According to the above construction of the MPEG encoding circuit, when a scene change occurs, the frame immediately following the scene change is an I frame regardless of the GOP structure, and inter-frame predictive encoding, which is ineffective and useless in data compression immediately after a scene change, is not performed. Thus, the image quality can be improved. In addition, it becomes possible to reliably search for a leading frame following a scene change by fast-forward reproduction or the like, or easily generate a thumbnail image of the leading frame for indexing.
In order to detect a scene change, generally, the so-called pixel difference method is used. According to the pixel difference method, a pixel difference between frames is obtained. Specifically, an absolute value of a difference in the value of a pixel at each position between frames is obtained, and the absolute values obtained at the respective pixel positions are accumulated. When the accumulated value is greater than a preset threshold value, it is determined that a scene change occurs.
Further, a technique as an application of the above pixel difference method has been disclosed, for example, in Japanese Unexamined Patent Publication No. 2000-324499 (Paragraphs <0020> to <0027> and FIG. 2). According to the disclosed technique, a first image correlation value, which corresponds to the accumulated value, is obtained. In addition, a second image correlation value, which corresponds to an inter-frame difference of the first image correlation value, is obtained. When the second image correlation value exceeds a threshold value, it is determined that a scene change occurs. Thus, only a true scene change in a moving image is detected with higher reliability even when the motion in the moving image is rapid.
Further, the motion vector method is known as another method for detecting a scene change. According to the motion vector method, a motion in an image from a frame to another frame is detected.
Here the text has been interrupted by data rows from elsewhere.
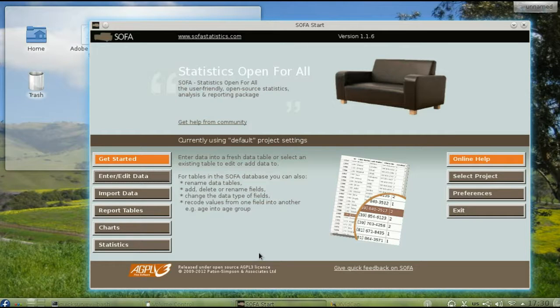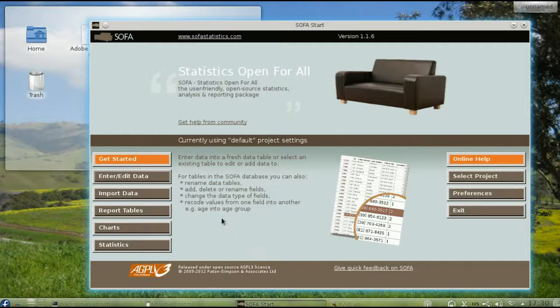In another video, we exported survey data to a comma-separated value file. Let's import it now.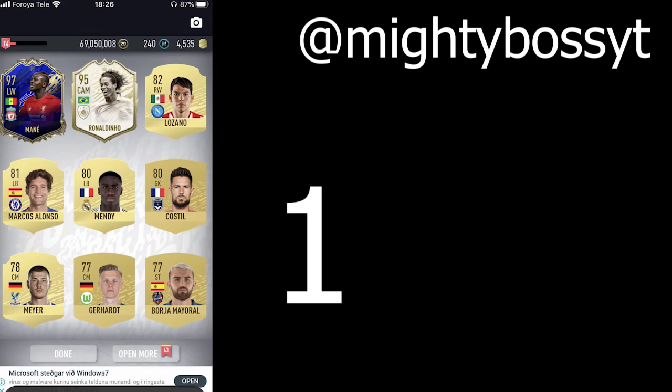At number 1. Mighty Boss Whitey. Mighty. My man got Mane and Prime Ronaldinho. In the same pack. I'm over the moon when I get a flipping Mane normally. I haven't got any team of the years. So, Mighty Boss. Please tell me your tricks.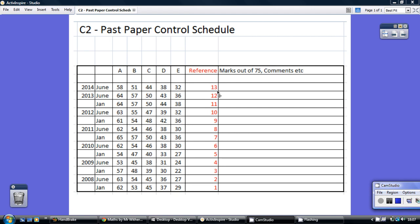This is the reference I'm using, so any references to June 2014 C2, I'll be popping under reference 13, be it the whole paper or be it specific questions looked at individually.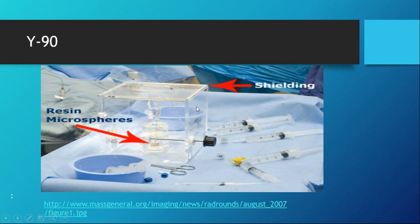You might be asking why it's stored in a plastic cube rather than lead shielding. That's because beta particles that interact with a heavy substance like lead can actually lead to more scatter radiation than plastic.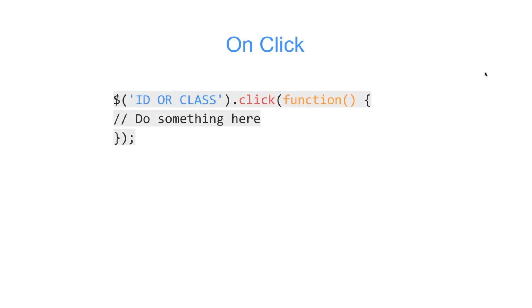So first, let's go over the three methods we're going to be using. OnClick. So to do this, we're going to have an ID or a class targeted. Then we're going to use the jQuery function of click. We're going to run a function when that is clicked, and then we're going to do something. In here, we're going to apply our class to our element, and I'll show you that when we get in code later on.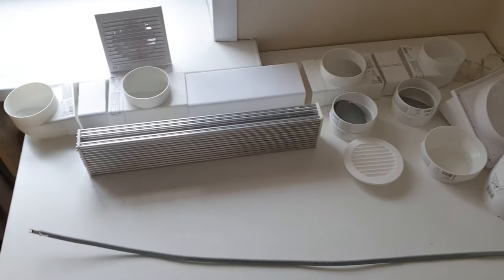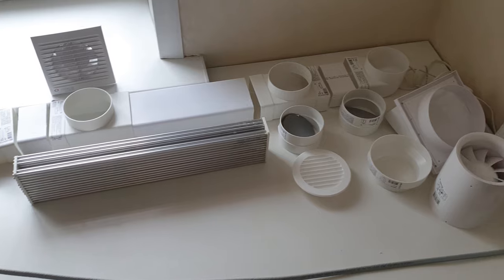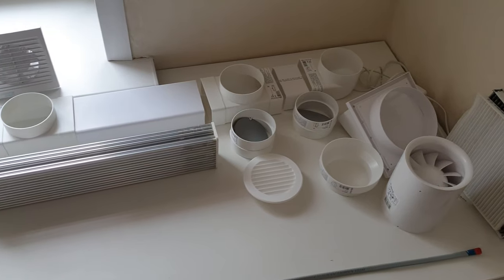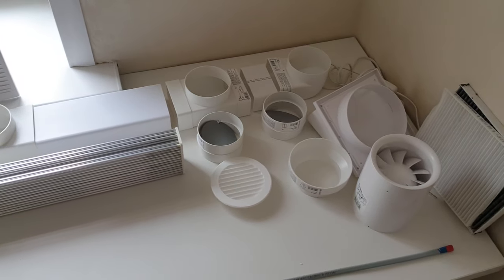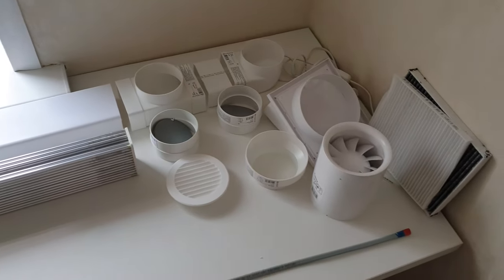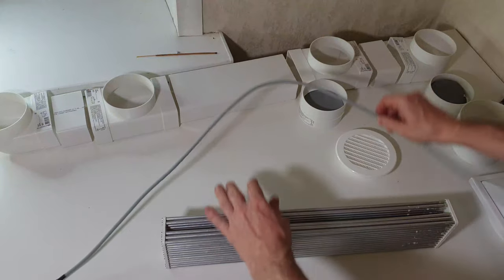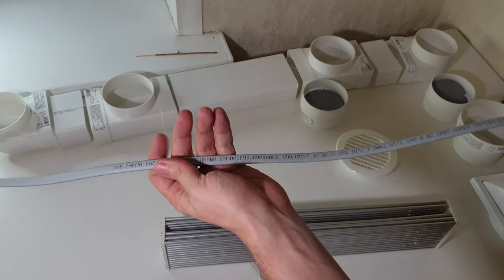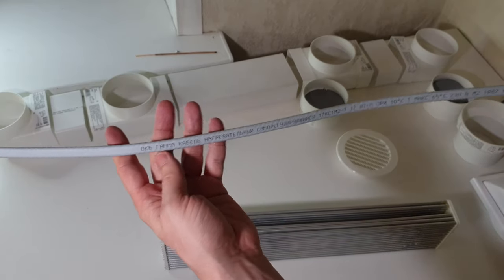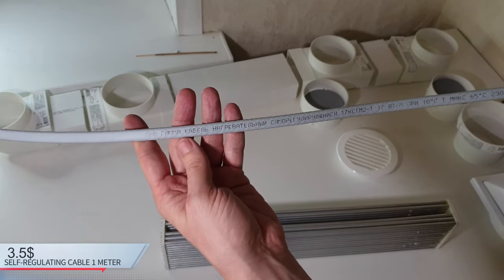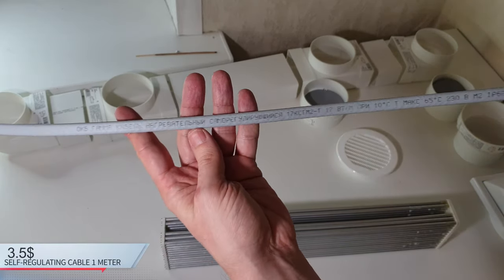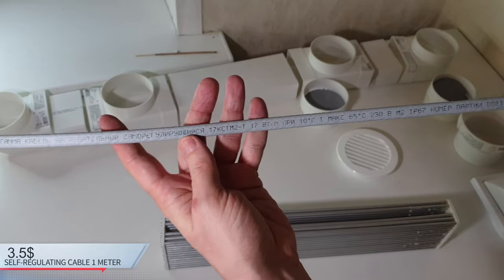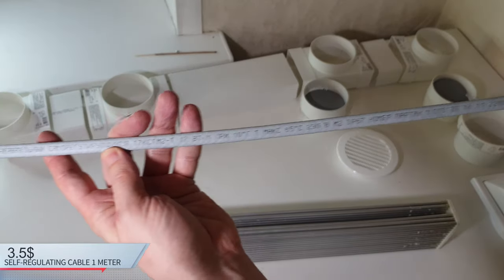These are all the parts of the recuperator that will be required to do the assembling. Self-regulating heating cable. It is necessary to avoid condensation and icing in the heat exchanger. It doesn't need a temperature controller. It heats up to a maximum of 65 degrees Celsius.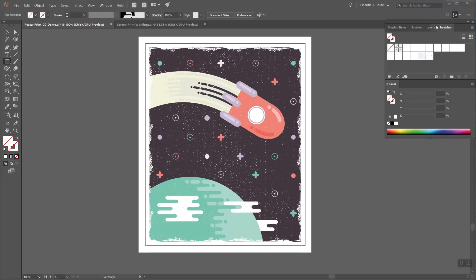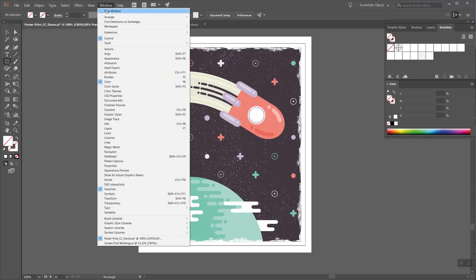You can find these on the Swatches tab here, and as with most tabs, if you can't find it immediately available, it's here in the Windows menu.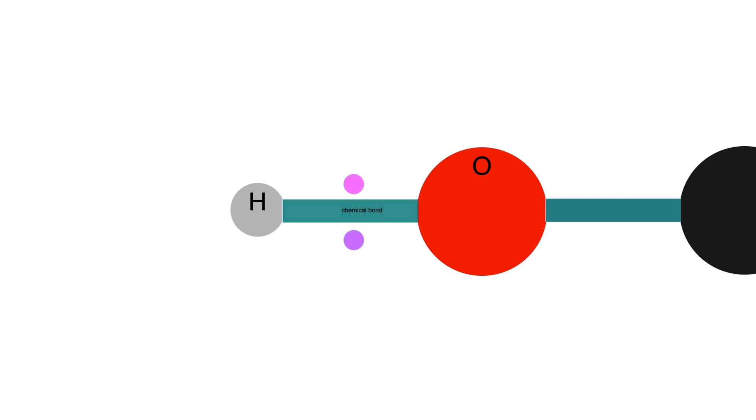In this hydroxyl group, one of these shared pair of electrons originally came from the hydrogen atom. The other electron originally came from the oxygen atom.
Specifically, presence or absence of an image which is identical between the frames is detected in each of small rectangular sections. When absence is detected in a majority of the small rectangular sections, it is determined that a scene change occurs.
Although the motion vector method enables detection of a scene change with higher accuracy than the pixel difference method, the motion vector method requires more complicated processing. However, currently, there are strong demands for suppressing the processing load, the circuit size, and the manufacturing cost in image encoding. That is, it is desired to increase the accuracy in the detection by use of the pixel difference method.
Nevertheless, even when the pixel difference method is used, it is necessary to supply image data for a plurality of frames to the circuit as illustrated in FIG. 9 in order to perform processing for compressive encoding of the data and detection of a scene change. Therefore, a heavy load is imposed on the system bus through which data are transferred, and the transfer rate of the system bus is required to be increased. However, the necessity for the increase in the transfer rate of the system bus is a factor which impedes suppression of the circuit size and the manufacturing cost.